An offshore asset base valued at R15.6 billion (2019: R22.6bn) – compared with local property assets of R65.4bn (2019:R72.8bn), provided geographic diversification.
And while the Australian market was being exited, a pipeline of opportunities in the Polish logistics space was being built.
“We are leveraging off operational efficiencies, making inroads in reducing our loan-to-value ratio (LTV), being ruthless rather than reckless in right-sizing our asset footprint, and are set to benefit from growth in Poland,” said Konig.
He said leasable area of 527 000 square metres in Poland had been expanded by 160 000 square metres, and there were plans to take this to well over a million square metres over a year or two.
This would be funded with the 163 million euro (R3.2 billion) sourced from the introduction of an equity investor into European Logistics Investment.
In the past year R1.3bn was spent on offshore expansion, R700m of which was in Poland.
“We see a lot of opportunity in logistics in Poland, based on the impetus by the government on infrastructure investment, but also from growing demand for warehouse space as more people move to e-commerce,” he said.
The group was liquid – disposals in the year amounted to R13.4bn, of which only R7.1bn was banked in 2020.
Local property disposals realised R894m, the exit from RDI REIT raised 106.3m pounds (R2.3bn), and a residual investment in Cromwell was sold for AU$53.3m (R674.6m).
Chief financial officer Leon Kok said Redefine's priority during the year was to address the LTV. However, LTV had increased to 47.9 percent from 43.9 percent.
“Our LTV improvement initiatives – which included being the first SA REIT to implement a dividend payout policy and exit non-core investments in the UK and Australia – yielded an LTV reduction of 5.7 percent,” he said.
However, the destructive impact of Covid-19 had the opposite effect on asset values, lifting LTV 7.8 percent and negating the improvement initiatives, he said.
Further initiatives would be required to get LTV below 40 percent by August 2021, he said.
These included further optimisation of property assets, limiting cash outflow from dividends, as well as completing the sale of Redefine's interest in Journal's two student accommodation properties in Australia, he said.
A decision to declare a dividend was deferred until February 2021. A mechanism was being developed to ensure there was no adverse impact on LTV from the payment of a dividend.

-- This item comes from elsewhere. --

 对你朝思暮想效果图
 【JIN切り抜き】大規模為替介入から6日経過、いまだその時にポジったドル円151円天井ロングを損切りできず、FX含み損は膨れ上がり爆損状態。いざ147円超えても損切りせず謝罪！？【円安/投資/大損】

Kok said rental relief packages to support tenants amounted to R318.5m, while credit loss provisions increased by R310.4m.
The active portfolio vacancy rate increased to 7.4 percent from 5.1 percent in the same period last year, while the tenant retention rate was 90.8 percent, from 92.2 percent. Local office vacancies were at 13.9 percent.
Redefine shares closed 1.27 percent higher at R2.40 yesterday.